Here's the question i need help with.......when you take the total square footage of the room, do you need to deduct the square footage of required aisle space for exit access before dividing by 7 to calculate the maximum occupancy load?

Gotta go before the city council tonight with this hot topic.........help!!!!!!


----------



## cda (Dec 12, 2011)

Would require a seating plan first for review

Than base o/l on number of seats and stage area

And maybe a few more people, depending on what plan shows


----------



## AegisFPE (Dec 12, 2011)

DAYWALKER said:
			
		

> ...when you take the total square footage of the room, do you need to deduct the square footage of required aisle space for exit access before dividing by 7 to calculate the maximum occupancy load?

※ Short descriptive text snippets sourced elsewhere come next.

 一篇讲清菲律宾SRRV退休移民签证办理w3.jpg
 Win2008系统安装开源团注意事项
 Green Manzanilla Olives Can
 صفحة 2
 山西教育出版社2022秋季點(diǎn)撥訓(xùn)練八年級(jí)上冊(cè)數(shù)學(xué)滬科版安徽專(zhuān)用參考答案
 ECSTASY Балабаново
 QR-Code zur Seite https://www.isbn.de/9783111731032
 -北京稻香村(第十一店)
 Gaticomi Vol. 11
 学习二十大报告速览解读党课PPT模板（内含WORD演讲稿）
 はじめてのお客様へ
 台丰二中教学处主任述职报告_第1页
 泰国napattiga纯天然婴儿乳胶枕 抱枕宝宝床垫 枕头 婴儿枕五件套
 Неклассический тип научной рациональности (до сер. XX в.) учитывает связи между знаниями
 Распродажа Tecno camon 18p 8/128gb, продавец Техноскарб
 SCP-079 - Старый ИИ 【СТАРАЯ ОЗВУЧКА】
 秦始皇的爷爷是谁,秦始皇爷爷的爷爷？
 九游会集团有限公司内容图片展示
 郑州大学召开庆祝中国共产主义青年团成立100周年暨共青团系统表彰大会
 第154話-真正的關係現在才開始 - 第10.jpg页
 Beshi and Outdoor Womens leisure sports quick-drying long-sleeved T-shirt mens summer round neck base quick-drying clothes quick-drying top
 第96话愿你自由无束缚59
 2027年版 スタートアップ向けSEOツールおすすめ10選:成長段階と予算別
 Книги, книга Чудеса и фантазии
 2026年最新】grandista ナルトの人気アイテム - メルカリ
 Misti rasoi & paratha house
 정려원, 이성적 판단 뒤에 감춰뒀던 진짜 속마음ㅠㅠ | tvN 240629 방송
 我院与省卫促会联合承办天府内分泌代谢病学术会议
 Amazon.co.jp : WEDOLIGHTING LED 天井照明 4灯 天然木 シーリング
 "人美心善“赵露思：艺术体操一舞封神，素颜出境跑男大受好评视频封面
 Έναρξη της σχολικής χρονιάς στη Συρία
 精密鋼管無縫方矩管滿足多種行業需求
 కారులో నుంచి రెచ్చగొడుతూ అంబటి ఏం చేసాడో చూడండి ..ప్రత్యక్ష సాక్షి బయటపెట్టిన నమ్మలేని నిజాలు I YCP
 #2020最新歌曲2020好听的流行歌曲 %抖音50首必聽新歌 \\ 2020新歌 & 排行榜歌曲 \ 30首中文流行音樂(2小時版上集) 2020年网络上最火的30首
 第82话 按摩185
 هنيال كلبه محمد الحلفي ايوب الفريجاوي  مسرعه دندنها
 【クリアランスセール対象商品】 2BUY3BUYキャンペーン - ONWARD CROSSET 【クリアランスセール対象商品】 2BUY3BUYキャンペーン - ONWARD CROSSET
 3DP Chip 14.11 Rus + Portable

1002.1 defines Net Occupant Load as the actual occupied area not including unoccupied accessory areas such as corridors, stairwells, toilet rooms, mechanical rooms and closets.

One interpretation may say that the list of spaces given in the definition are separated from the occupied space by physical walls, and as aisles are not listed and are not separated from the occupied space, that the aisle area can be included.

Another interpretation is to say that the aisles are similar to a corridor, and therefore should not be included in the area calculation.

However, consider trying to design the occupant load of the space if the occupant load must be reduced by the area of aisles. This would require first guessing the aisle area, laying out the occupant load of the space, and then seeing if you assumed the correct aisle area, and then refining the design as necessary.

Therefore, it seems reasonable to include the aisles as part of the assembly occupancy space, and not deduct them from the net area under consideration, as this is both consistent with a reasonable interpretation of the code, and provides the ability to identify an occupant load to a space without necessitating an exact seating arrangement.


----------



## gbhammer (Dec 12, 2011)

cda has it right. They need to define aisle space then do a net calc. Then you can post an ooc load.


----------



## cda (Dec 12, 2011)

so do you think they have a crowd plan

do you think overcrowded::

http://www.dallasnews.com/photos/local-news/20111210-kwanzaafest-at-fair-park.ece?ssimg=400685#ssTop400700

http://www.nbcdfw.com/news/local/Police-Called-to-Kwanzaa-Fest-for-Crowd-Control-135381103.html


----------



## mtlogcabin (Dec 12, 2011)

Sections 1028.8, 1029.9 and 1029.10 cover the seating (non fixed) and the aisle widths based on the number of seats per row. A chair and the clear space row in front use about 2.25 sg ft per chair.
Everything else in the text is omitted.